• [Goal of the exercise]: Write out the records once more, exactly, and keep any image out.

• [Source information]:

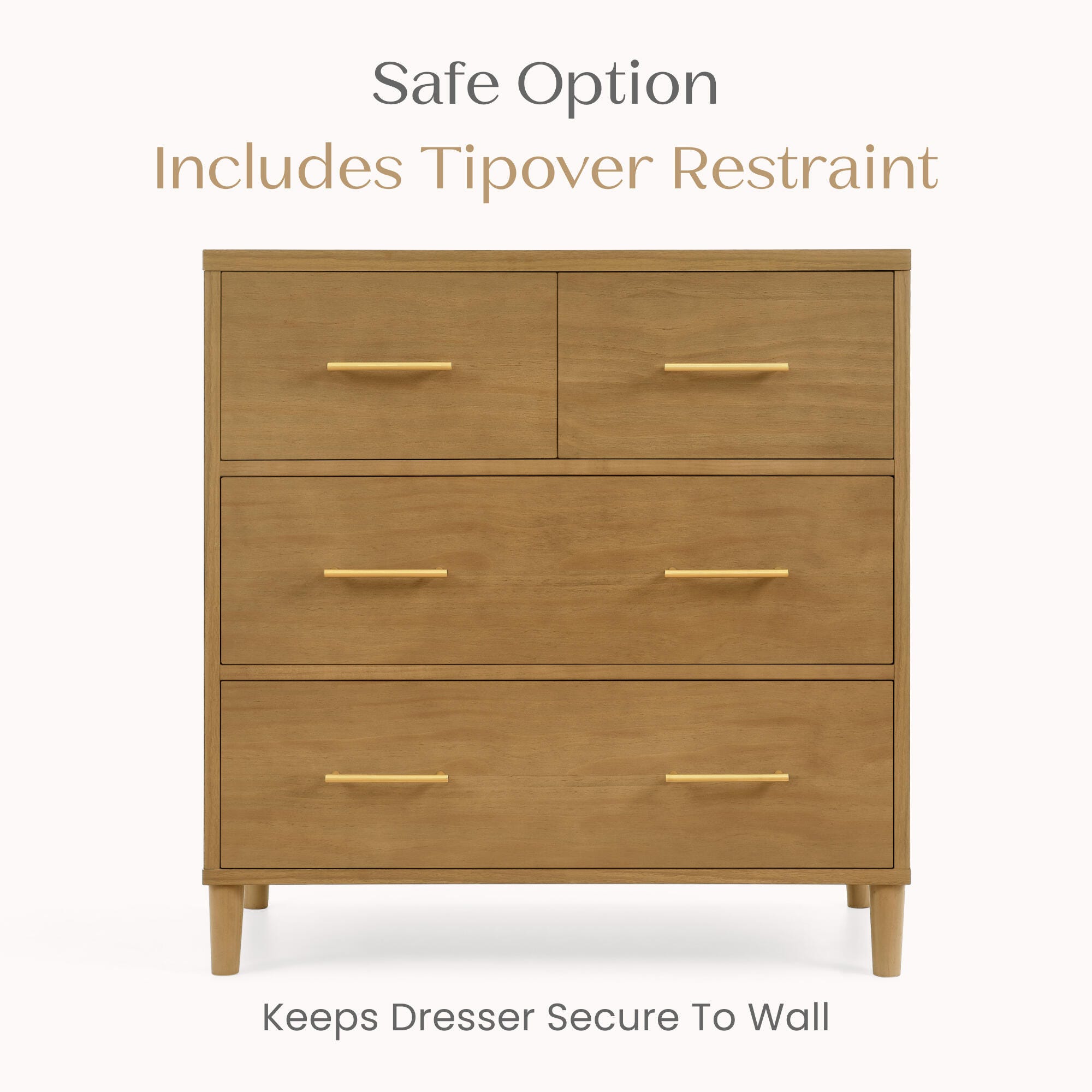 Delta Children Classic 4 Drawer Dresser with Changing Top, Acorn, large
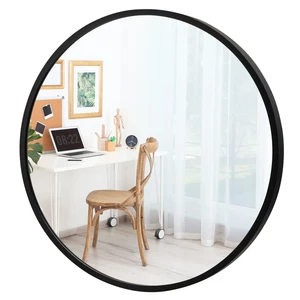 16” Round Wall Mirror Bathroom Wall Mirror w/ Thick Aluminum Alloy Frame Black - Picture 1 of 9
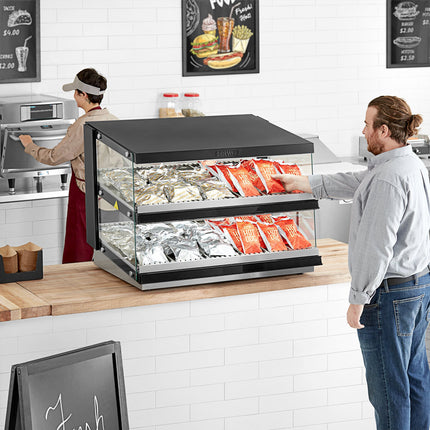 Tủ trưng bày giữ nóng để bàn nghiêng 2 tầng ServIt OAM-102D 91 cm - 1860W, 120V
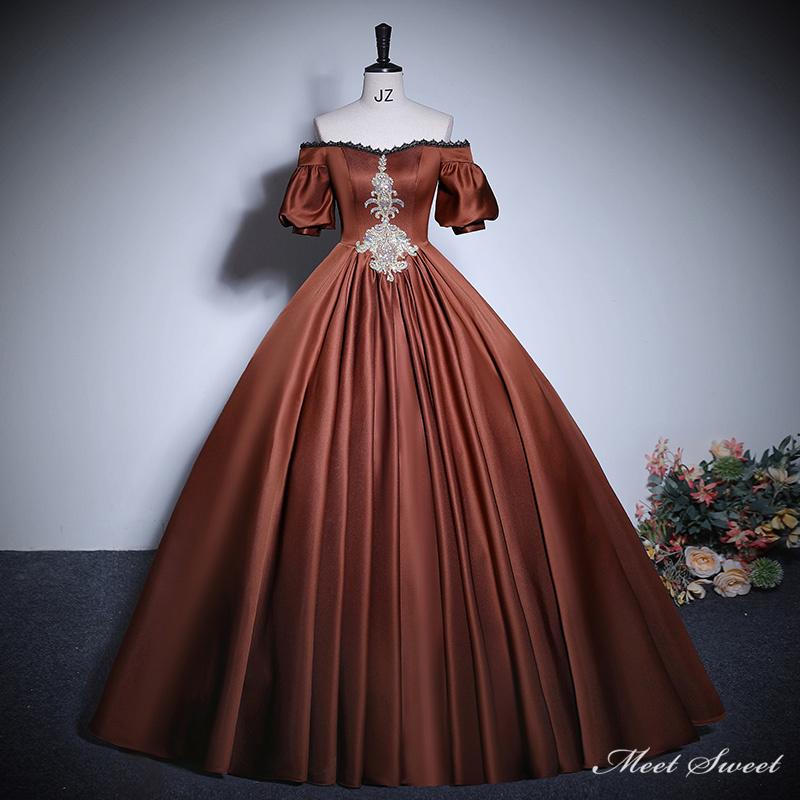 楽天市場】カラードレス 編み上げ ブラウン コーヒー ロングドレス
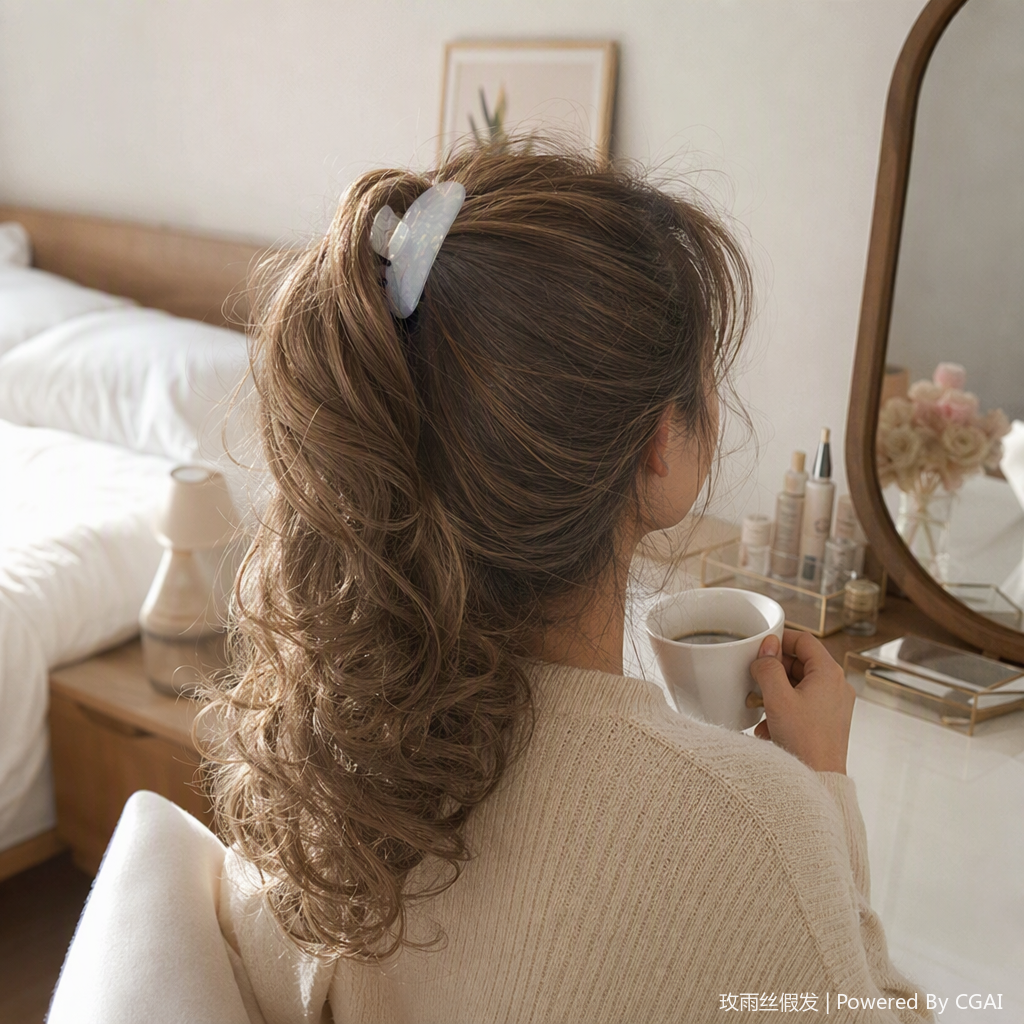 Natural and plump wig pieces, soft and fluffy, heat-free and easy to stick, light and comfortable home hair care products Item Picture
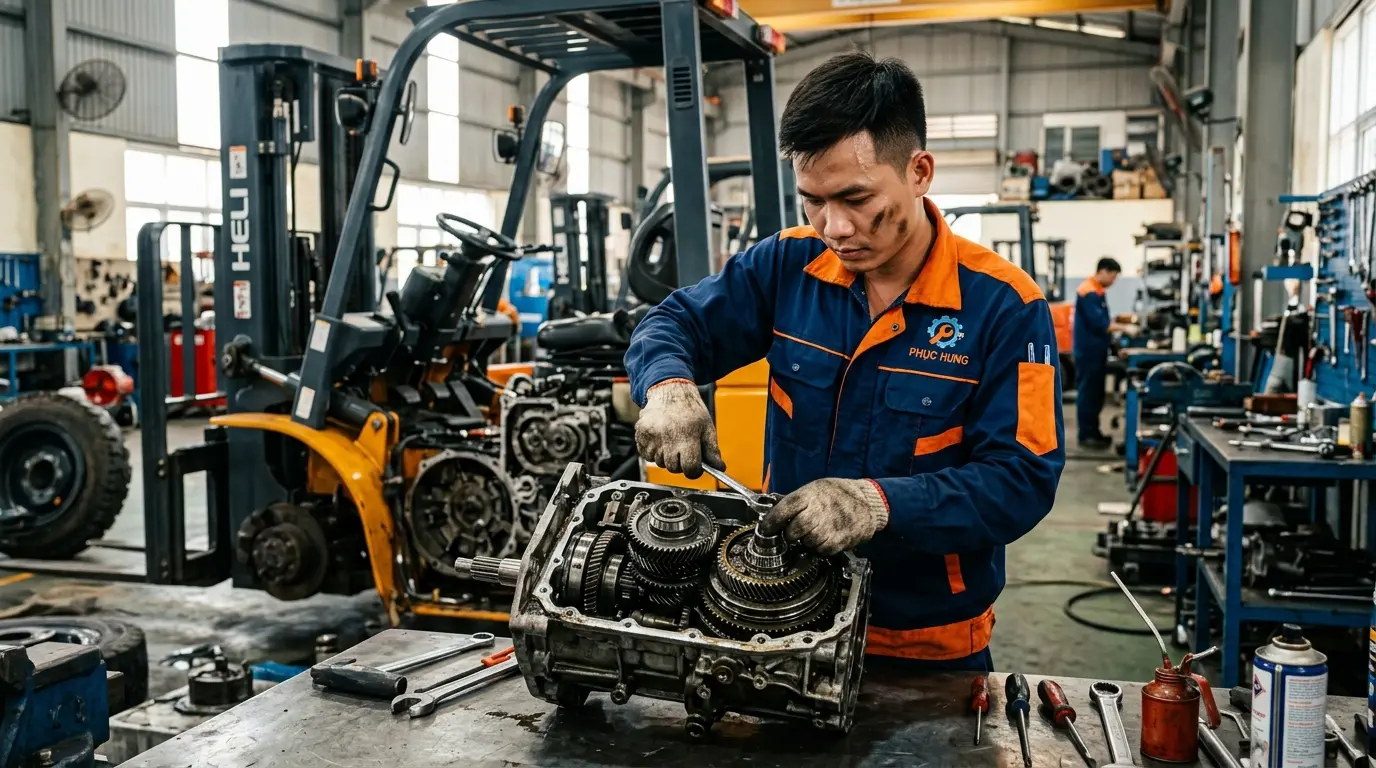 hình ảnh sửa hộp số xe nâng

• [Task output]:
 Delta Children Classic 4 Drawer Dresser with Changing Top, Acorn, large
 16” Round Wall Mirror Bathroom Wall Mirror w/ Thick Aluminum Alloy Frame Black - Picture 1 of 9
 Tủ trưng bày giữ nóng để bàn nghiêng 2 tầng ServIt OAM-102D 91 cm - 1860W, 120V
 楽天市場】カラードレス 編み上げ ブラウン コーヒー ロングドレス
 Natural and plump wig pieces, soft and fluffy, heat-free and easy to stick, light and comfortable home hair care products Item Picture
 hình ảnh sửa hộp số xe nâng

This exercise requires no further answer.